The Affiliation Agreements mandated CBS to provide programming for WBTV and WCSC-TV for fifteen years and included conditions regarding notifications of control transfers to the Federal Communications Commission (FCC). The Letter Agreement specified the promotional payment arrangement and noted that this obligation would cease if Jefferson-Pilot assigned or transferred any interest in either station. CBS made the required payments from 1996 until 2005, despite a transfer of the WBTV license to a new subsidiary in 2003 and FCC approval for that transfer.

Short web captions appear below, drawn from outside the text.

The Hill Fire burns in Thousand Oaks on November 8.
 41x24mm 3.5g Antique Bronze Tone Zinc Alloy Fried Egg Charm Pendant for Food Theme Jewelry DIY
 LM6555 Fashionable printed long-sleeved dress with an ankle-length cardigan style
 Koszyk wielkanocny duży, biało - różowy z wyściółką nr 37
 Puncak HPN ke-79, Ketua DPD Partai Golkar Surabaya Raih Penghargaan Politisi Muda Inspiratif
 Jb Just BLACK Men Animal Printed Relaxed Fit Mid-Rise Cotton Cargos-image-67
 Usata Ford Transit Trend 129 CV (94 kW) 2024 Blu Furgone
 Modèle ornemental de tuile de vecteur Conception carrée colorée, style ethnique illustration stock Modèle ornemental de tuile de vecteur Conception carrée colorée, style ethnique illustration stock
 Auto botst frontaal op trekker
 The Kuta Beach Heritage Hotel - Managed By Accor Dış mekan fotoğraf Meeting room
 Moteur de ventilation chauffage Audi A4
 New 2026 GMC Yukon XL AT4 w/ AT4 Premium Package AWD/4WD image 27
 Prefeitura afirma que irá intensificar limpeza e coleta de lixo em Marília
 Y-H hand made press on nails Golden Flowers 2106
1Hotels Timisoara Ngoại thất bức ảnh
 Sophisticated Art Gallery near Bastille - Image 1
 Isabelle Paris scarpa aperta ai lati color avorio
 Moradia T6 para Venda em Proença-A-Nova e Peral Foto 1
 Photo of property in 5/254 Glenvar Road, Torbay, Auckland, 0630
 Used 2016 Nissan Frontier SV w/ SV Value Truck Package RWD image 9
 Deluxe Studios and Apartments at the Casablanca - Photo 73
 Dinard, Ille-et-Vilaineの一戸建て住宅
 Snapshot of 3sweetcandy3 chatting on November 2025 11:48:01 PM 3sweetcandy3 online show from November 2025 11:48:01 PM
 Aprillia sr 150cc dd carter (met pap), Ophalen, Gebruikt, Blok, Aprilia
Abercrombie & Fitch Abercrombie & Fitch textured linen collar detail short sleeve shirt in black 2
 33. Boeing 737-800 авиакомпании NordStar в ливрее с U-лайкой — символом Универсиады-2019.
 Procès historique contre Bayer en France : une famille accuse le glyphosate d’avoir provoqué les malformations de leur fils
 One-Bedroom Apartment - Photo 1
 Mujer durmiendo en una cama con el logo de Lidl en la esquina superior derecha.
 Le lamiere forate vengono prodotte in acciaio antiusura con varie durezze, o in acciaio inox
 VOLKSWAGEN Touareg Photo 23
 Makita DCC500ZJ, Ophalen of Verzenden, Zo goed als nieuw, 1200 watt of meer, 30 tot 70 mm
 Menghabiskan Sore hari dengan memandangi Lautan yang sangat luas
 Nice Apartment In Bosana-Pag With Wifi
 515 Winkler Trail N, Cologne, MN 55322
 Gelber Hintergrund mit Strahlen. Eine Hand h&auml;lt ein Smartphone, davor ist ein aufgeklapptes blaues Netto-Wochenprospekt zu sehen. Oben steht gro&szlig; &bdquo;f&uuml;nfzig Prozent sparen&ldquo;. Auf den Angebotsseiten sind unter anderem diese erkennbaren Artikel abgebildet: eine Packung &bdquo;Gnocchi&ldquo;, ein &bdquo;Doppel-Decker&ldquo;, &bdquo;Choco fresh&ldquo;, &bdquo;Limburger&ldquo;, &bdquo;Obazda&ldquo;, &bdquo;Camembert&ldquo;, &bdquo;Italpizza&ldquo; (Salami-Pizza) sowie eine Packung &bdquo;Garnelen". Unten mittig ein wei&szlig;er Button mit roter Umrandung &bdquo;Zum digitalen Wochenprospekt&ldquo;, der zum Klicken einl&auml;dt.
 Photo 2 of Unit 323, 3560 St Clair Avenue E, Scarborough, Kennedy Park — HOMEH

In October 2005, Jefferson-Pilot Corporation merged with Lincoln National Corporation, retaining 100% ownership and broadcast licenses for its subsidiaries, Jefferson-Pilot Communications/WBTV, Inc. and WCSC, Inc. Jefferson-Pilot transferred its ownership to a newly formed holding company, Lincoln JP Holdings, LP, where Lincoln National held a 99.9% interest. On December 14, 2005, Jefferson-Pilot notified CBS of the merger, and CBS later expressed no objections. The merger was completed on April 3, 2006, with Jefferson-Pilot becoming a subsidiary of Lincoln JP Holdings, LP and changing its name to Lincoln Financial, while maintaining ownership of the stations.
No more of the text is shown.